Why the disconnect? Well, in about half of the cases, the OotD was already covered when I taught the year before, just not flagged as special. So, in those cases, I didn’t add material (or, if I did add something, it wasn’t much). In the other cases, sometimes it was something extra that was more for fun, and other times it was something new but that covered something that I felt had been lacking. Trichodesmium is a great example of the latter. In my attempts to convey to students the difference between Rhizobium and mycorrhizae (which they seem to have a very hard time with), it became clear in Fall 2014 that I had left many students with the impression that all nitrogen fixation on Earth is by rhizobia. Whoops! So, I added in Trichodesmium as an organism of the day. While it’s true that that was new material, it’s material that I would have added even if I wasn’t doing the organism of the day, since I wanted them to realize there’s nitrogen fixation in the oceans, even though there aren’t legumes!
Another reason why I think the students viewed it as just more stuff to learn is that, leading up to the first exam I gave, I received multiple questions from students about whether organisms of the day would be tested on the exam. Initially, my inclination was to say that they only needed to know the OotD to the extent indicated in the learning objectives (which indicate the concepts they should know). But I knew I had written this question for the exam:
From my perspective, this question could have been written about any two organisms (including two that I made up), but was more interesting to write about hippos and their rectal leeches, so that’s how I did it. To me, this question is asking them to interpret a figure showing data they’ve never seen before*, in the context of what they’ve learned about interspecific interactions. (In this case, the leeches benefit and there is no detectable effect on hippos, making it commensalism.) But, to many students, this question is about hippos and their rectal leeches. So, I ended up deciding to say that, yes, students did need to know about the OotD, so they wouldn’t feel they’d been led astray on the exam.

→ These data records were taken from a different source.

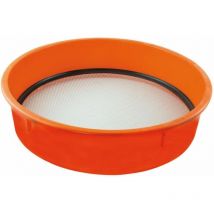 Superchock-Sieb orange4 - mob - 301840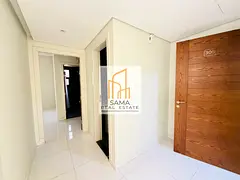Deal Of The Day | Last Unit | Ideal Location | 1-Bhk | For Family | Call
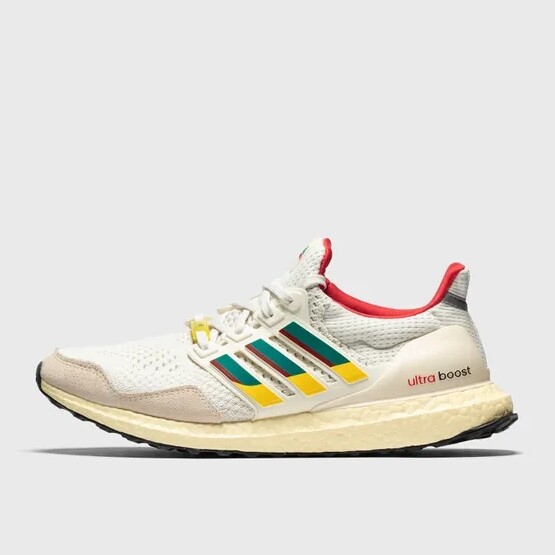 adidas dna zx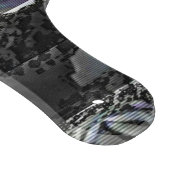 テクノブーケ カッティングボード (角)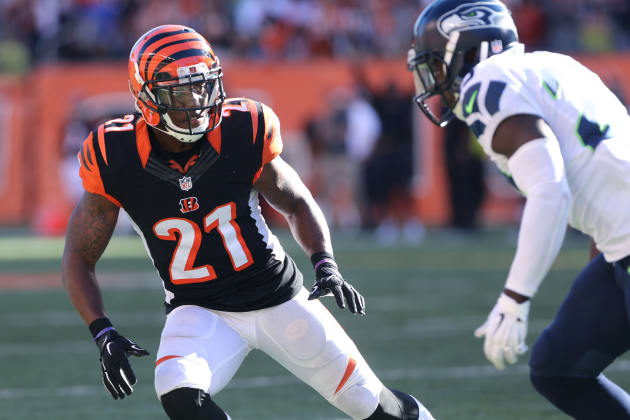 Darqueze sale dennard jersey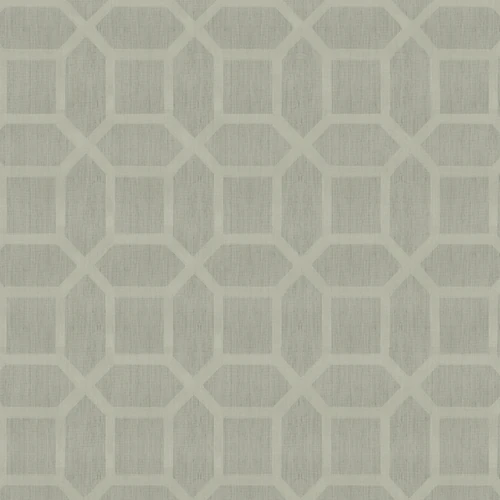 VV00901-018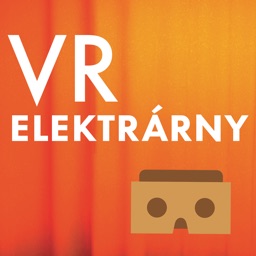 VR Elektrárny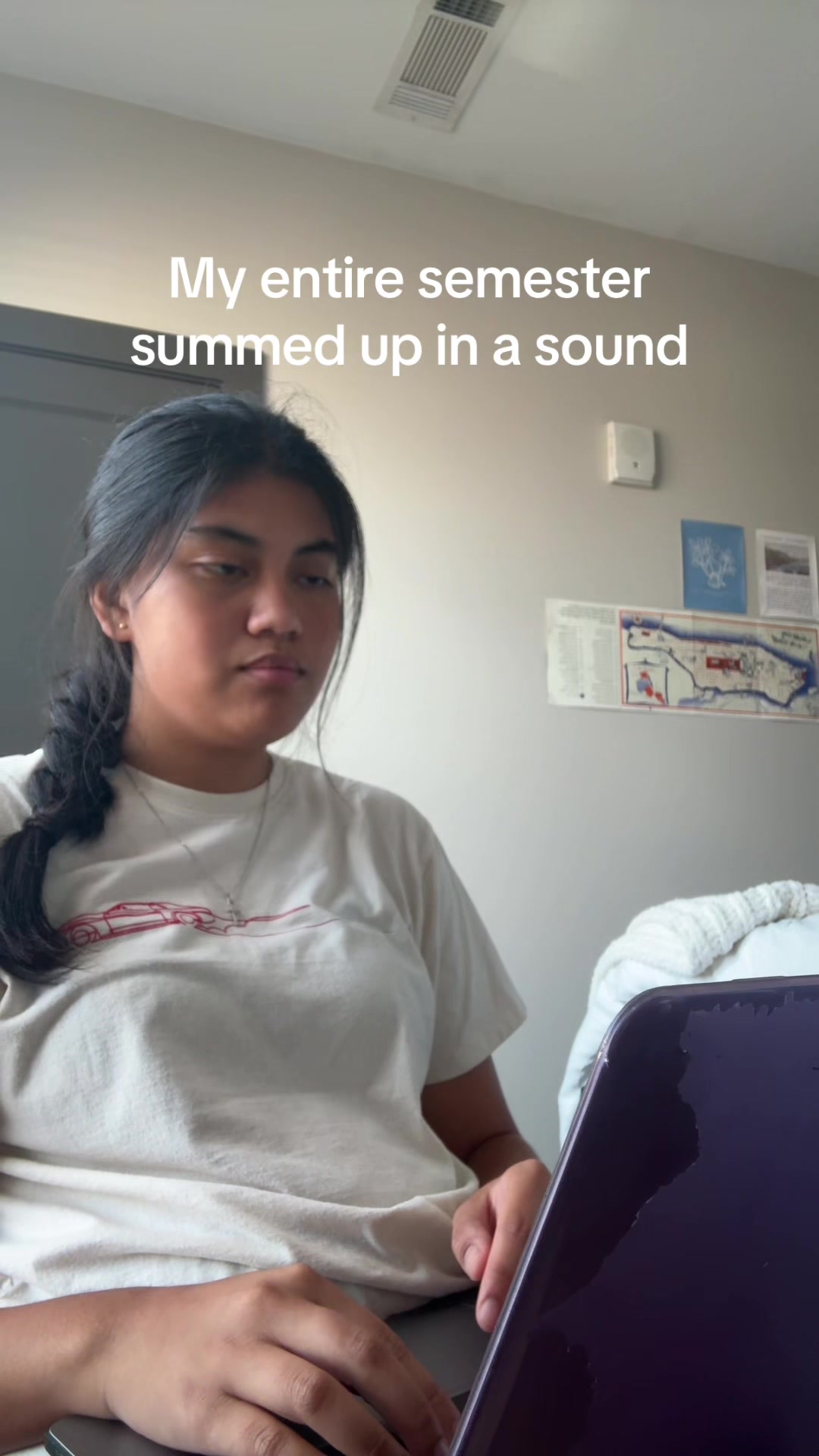 @smodin_danielle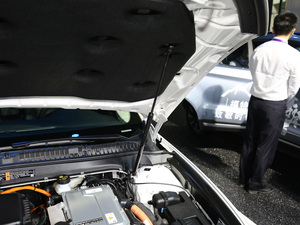 2019ɵϚWEnergi Ϻ܇չ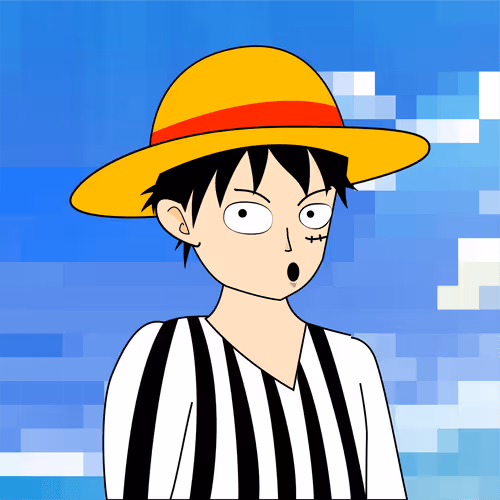 Item #44336820699630255926733184711359697136414091507216245795385515265428297875466 Media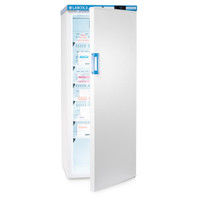 Labcold Intellicold RLDF1019 340L Pharmacy Refrigerator - Solid Door Labcold Intellicold RLDF1019 340L Pharmacy Refrigerator - Solid Door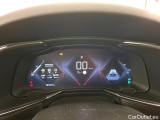  DS  DS7 7 Crossback Performance Line + 1.5 BlueHDi 130CV BVA8 E6d #6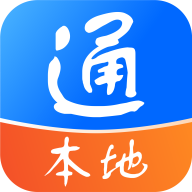 ����ͨapp
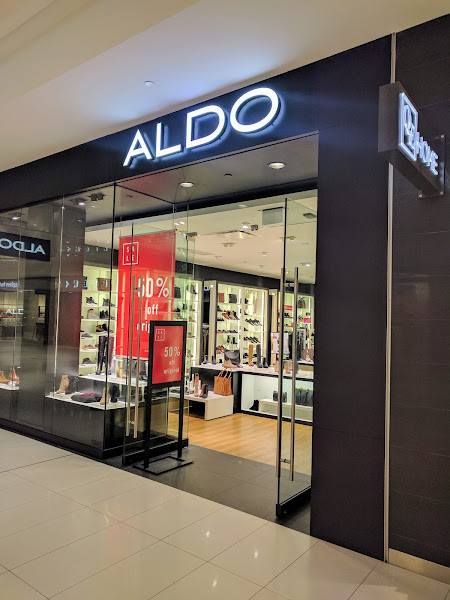 Aldo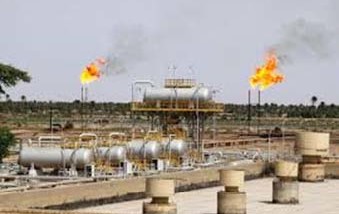 توقف الغاز الإيراني يتسبب بتراجع معدلات تجهيز منظومة الكهرباء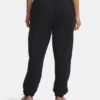 Pantalones de felpa Project Rock Icon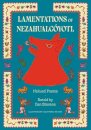 Lamentations of Nezahualcoyotl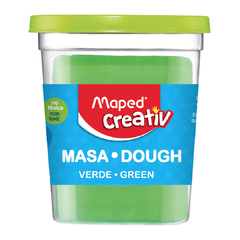 Masa Maped Pote X114 Gr - tienda online
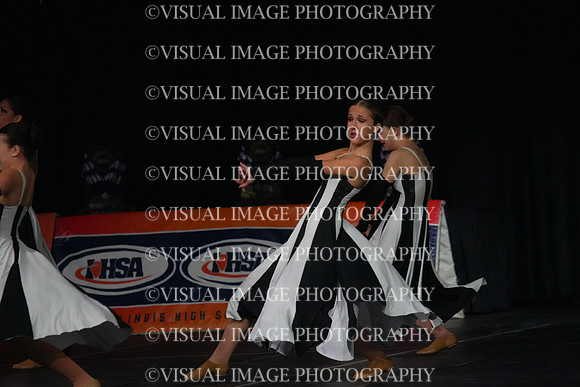 ILDANCE_26_F1240031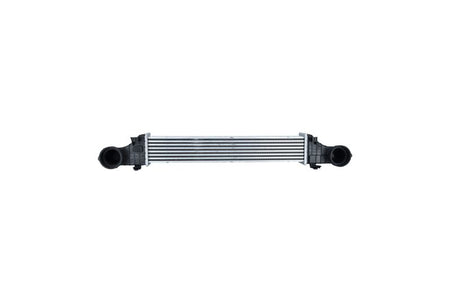 NRF 309100 Charge Air Cooler - 6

What will I do next time? I’m not sure. Right now, I’m inclined to leave in most of the OotD material, but to not flag is as such. That would let me still cover the topics I wanted to cover without it seeming like I’m adding in something extra. But I’m still not sure. As I said above, I know that some students did really like the OotD. And, in some cases, I know the students didn’t like the OotD because they were not vertebrates; I’m fine with having students think more about things other than vertebrates, even if they aren’t always happy about that.
So, the Organism of the Day was not the resounding success I hoped it would be, but it also wasn’t a total failure. I’m disappointed that it wasn’t a bigger success, but am reminding myself that sometimes, when I try something new in the classroom, it’s bound not to work (at least not on the first try) and that’s okay. It will be interesting to think about how to change things to try to make it more successful. If you’ve used a similar approach, I’d love to hear what you think made it work (or not)!
* For the entire semester, we tell them to assume that, if the error bars overlap, there is no significant difference, and that, if they do not overlap, there is a significant difference).